How long does it take to store and index data?

This depends a lot on connectivity. From work, the app gets and inserts the video data and transcripts in under three minutes. From home, it takes about 10 minutes.

Indexing takes about 10 minutes.

What build tools do you use?

JSCS and JSHint with grunt and githooks to force validation on commit.

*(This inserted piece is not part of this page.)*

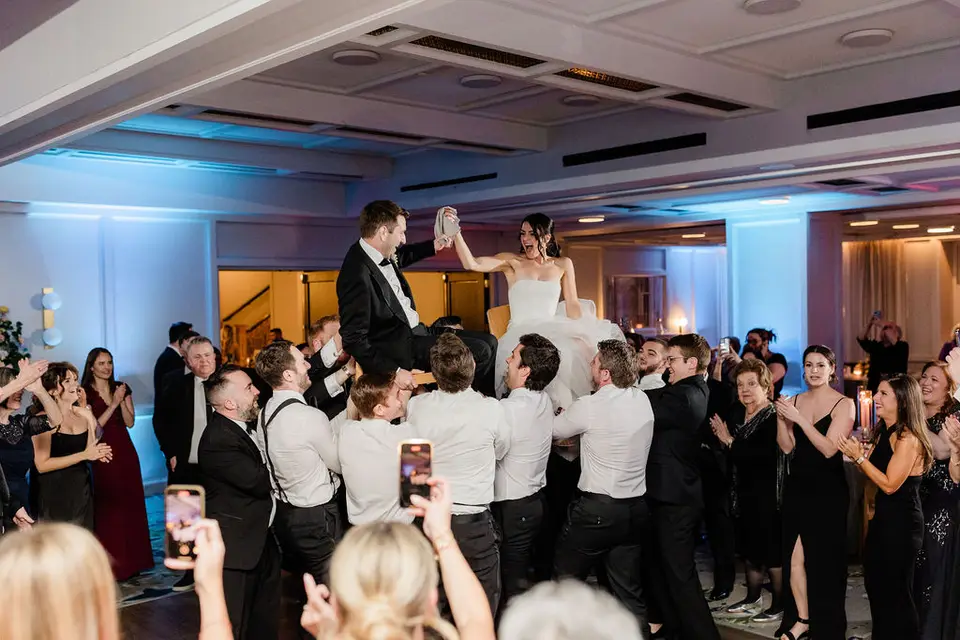 Groom lifted on a chair above the crowd of cheering guests during a hora at the reception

Chrome JSON formatting extensions, pro.jsonlint.com and regex101.com were very useful.

TODO

  • General code refactoring.
  • Unit tests.
  • Better error handling.
  • Better Node socket handling: a lot of the code is deliberately synchronous to avoid errors.
  • The shearch.me API is HTTP only as yet.
  • Use the official YouTube Captions API.
  • Move to Firebase. When the project started it was a bit tricky to implement full-text search with Firebase, so Cloudant was chosen (which has full text search built in). It's now pretty simple to use Firebase with ElasticSearch, so the data will be ported at some stage.
  • Database updates are done manually at the moment — mostly to avoid messing up the sample app. Easily automated.

License

Copyright 2015 Google, Inc.

Licensed to the Apache Software Foundation (ASF) under one or more contributor license agreements. See the NOTICE file distributed with this work for additional information regarding copyright ownership. The ASF licenses this file to you under the Apache License, Version 2.0 (the “License”); you may not use this file except in compliance with the License. You may obtain a copy of the License at

http://www.apache.org/licenses/LICENSE-2.0

Unless required by applicable law or agreed to in writing, software distributed under the License is distributed on an “AS IS” BASIS, WITHOUT WARRANTIES OR CONDITIONS OF ANY KIND, either express or implied. See the License for the specific language governing permissions and limitations under the License.

Please note: this is not a Google product.